L'employabilité, dans le cadre de la formation, renvoie à la responsabilité de l'entreprise. Les ordonnances portant réforme du code du travail ont très largement fixé le paysage et la réforme envisagée ne vient que se greffer sur ce dispositif sans pour autant le modifier sur le fond. Deux problématiques sont importantes : la gestion individuelle et la gestion collective des compétences dans l'entreprise. Je ne m'appesantirai pas sur la sémantique du mot « compétences » par rapport à celui de « qualifications ».
S'agissant de la gestion individuelle des compétences, si on fait le lien entre les ordonnances et la réforme qui nous est proposée, il y a un principe structurant de la loi qui est maintenu : l'employeur a l'obligation d'offrir au salarié une formation d'adaptation au poste de travail et de veiller à sa capacité à occuper un emploi. Cette formulation était dans la loi, elle y figure bien évidemment toujours. Lorsque le salarié quitte son emploi, il doit pouvoir être employable ailleurs. Le projet de loi précise même que le temps de formation est, par principe, un temps de travail effectif. Il y a donc une adéquation entre formation et temps de travail effectif, consolidée dans le texte.
La question porte davantage sur ce que signifie l'obligation de veiller à la capacité à occuper un emploi : s'agit-il du même emploi ou d'un autre ? Et que signifie « veiller » ? La réponse apportée dans la loi, c'est que « veiller » renvoie à un droit de procédure, relatif, d'une part, à l'entretien professionnel, maintenu dans la loi, d'autre part, au bilan de parcours au terme de six années. Si l'employeur n'a pas respecté un certain nombre d'obligations portant notamment sur la formation et la tenue d'entretiens professionnels, il devra verser un abondement supplémentaire au salarié. Voilà un mécanisme fondamental sur la question de l'employabilité.
Il me paraît important de faire en sorte que l'obligation générique d'employabilité soit clairement réaffirmée. À cet égard, ce que je vais dire ne plaira pas à mes amis de l'Agefos-PME : il est totalement anormal que l'obligation de tenir un entretien professionnel n'existe que pour les entreprises de plus de 50 salariés. J'étais moi-même patron d'une petite entreprise et je discutais évidemment avec mes collaborateurs de leurs perspectives professionnelles. Pour l'Agefos-PME, tout au moins pour la CPME, le dialogue social dans nos petites entreprises s'entend avec les salariés eux-mêmes, pas avec les syndicats. Chiche ! Faisons en sorte que soit clairement inscrite dans la loi l'obligation d'entretien professionnel avec le salarié dans toutes les entreprises. La disposition adoptée à l'époque fut le résultat d'un lobbying réussi de la CPME.

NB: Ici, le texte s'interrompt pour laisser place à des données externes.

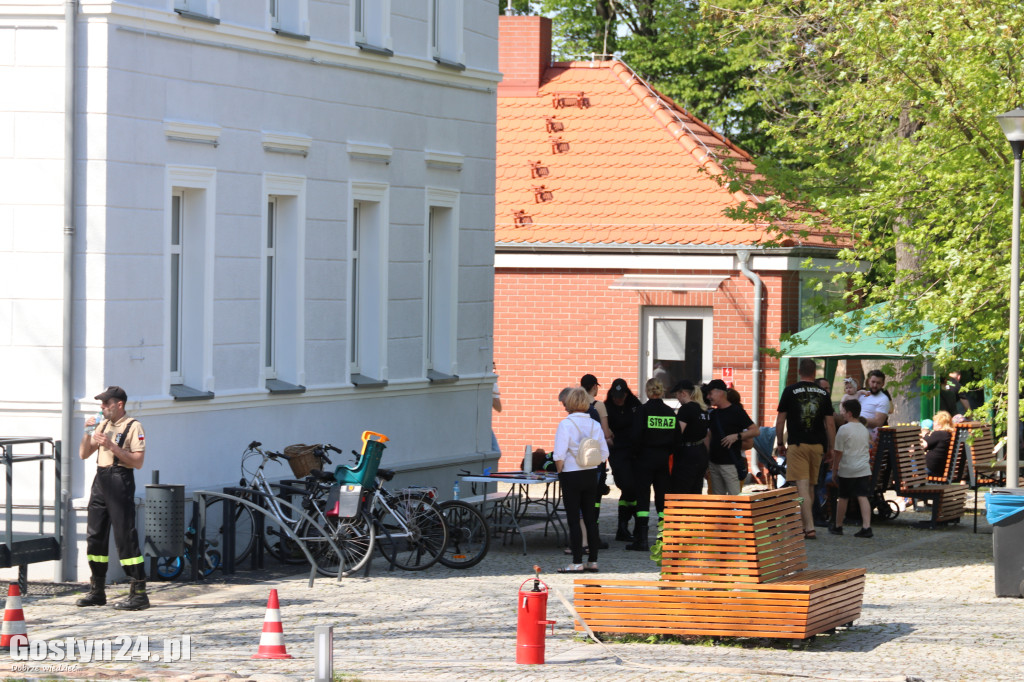 Rodzinny festyn majówkowy w Krobi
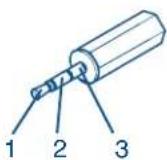 OLYMPIA 6811 - Headset verwenden - 1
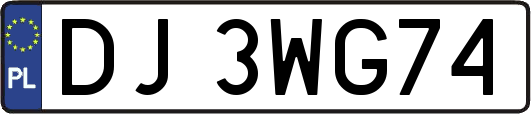 DJ3WG74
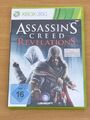 Microsoft Xbox 360,Assassins Creed: Revelations - Special Edition,USK16,PAL,neu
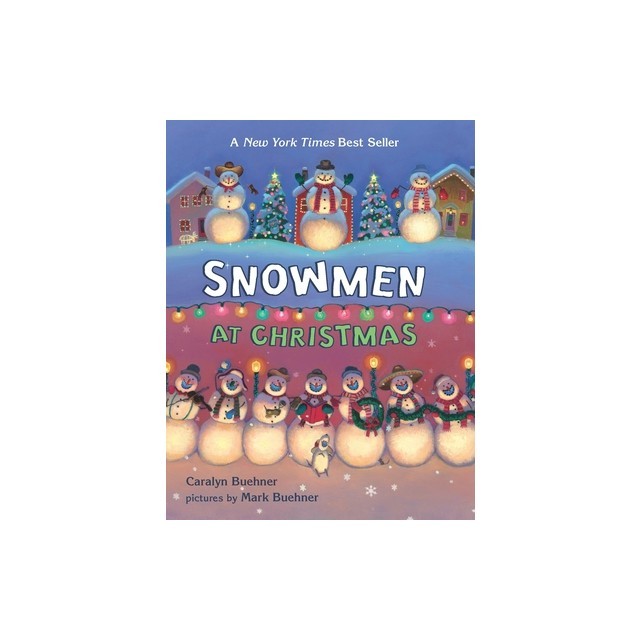 Snowmen at Christmas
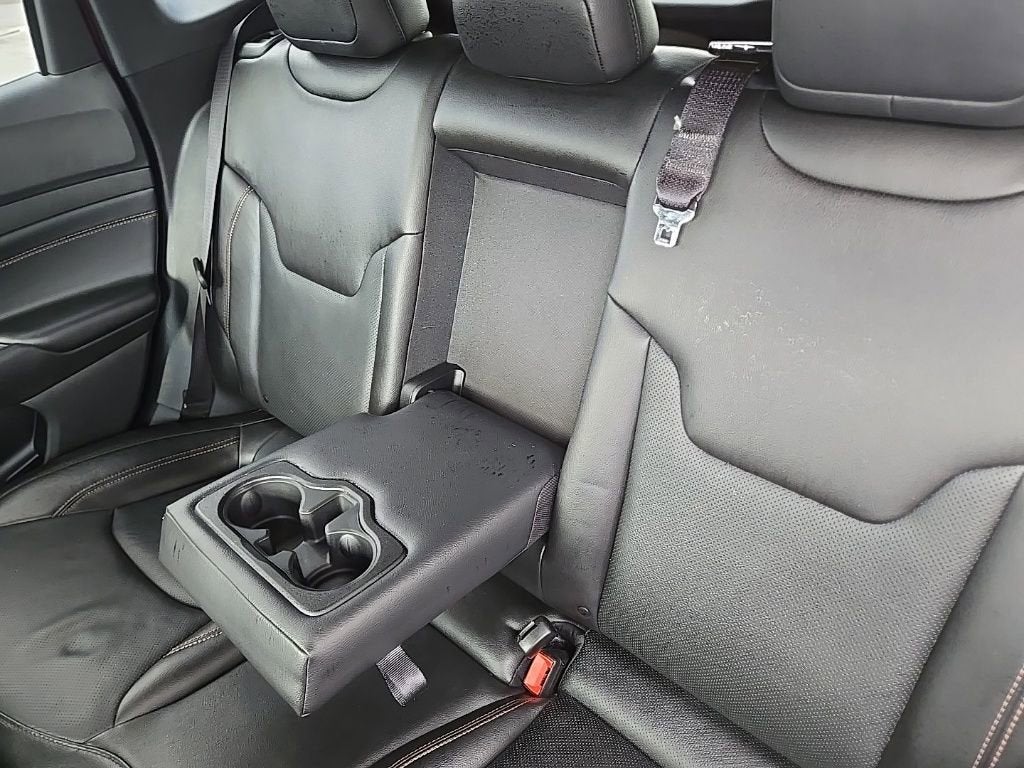 2022 Jeep Compass (RED) Edition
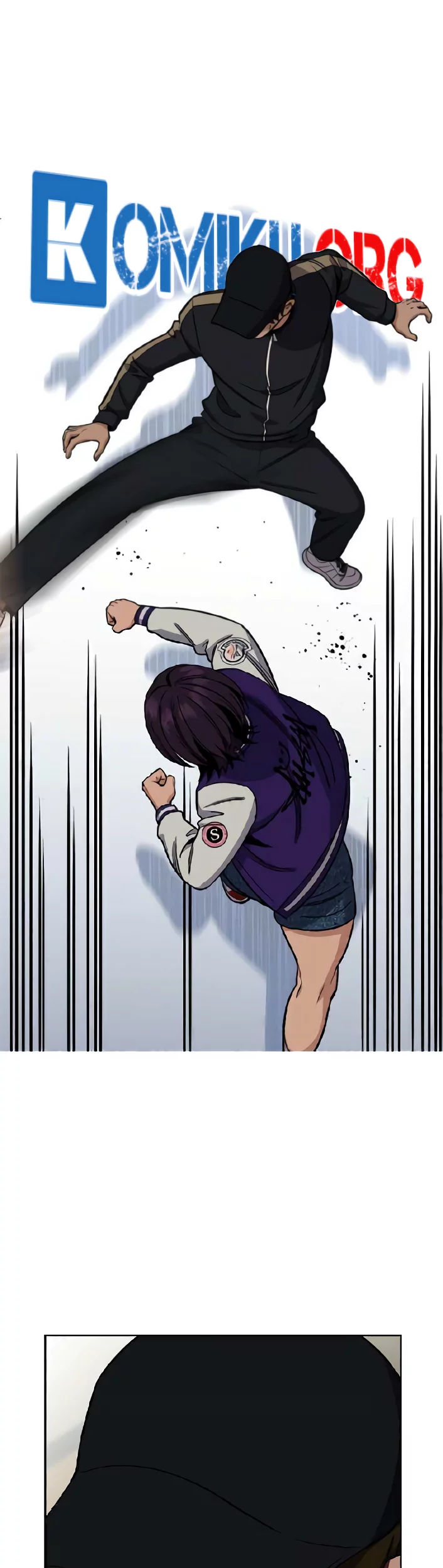 True Education Chapter 212 Gambar 52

Par ailleurs, il est prévu qu'à partir de 2020 soit rendue obligatoire une révision générale des compétences et des qualifications au bout de six années, pour vérifier que l'employeur a bien respecté l'obligation d'entretien professionnel et que le salarié a bénéficié soit d'une évolution professionnelle, soit d'une formation. La formulation proposée est relativement ambiguë. Il faudrait la clarifier pour éviter qu'une personne ne soit « remise sur le marché » en ayant perdu toute capacité à se développer à l'extérieur. Cela renvoie à la question du système d'indemnisation du chômage et à l'externalisation de la responsabilité.
J'en viens à la gestion collective des compétences. Dans l'entreprise, elle renvoie au dialogue social, à la consultation du comité social et économique nouvellement institué, ainsi qu'à de possibles négociations d'entreprise. Sur ce dernier point, il ne faut pas se faire d'illusions : j'ai contribué pendant de nombreuses années au bilan de la négociation collective publiée par le ministère du travail ; la négociation sur la formation dans l'entreprise, sur les 40 000 accords d'entreprise signés chaque année, représente de l'ordre de 1 % ou 2 %. Dans le cadre des compétences données au comité social et économique, il conviendrait que la procédure d'entretien professionnel et le bilan de compétences fassent l'objet non pas d'une information statistique mais d'une approche beaucoup plus qualitative.
Si la question de l'employabilité est une réalité juridique, si le droit existant est plutôt satisfaisant, il reste amendable.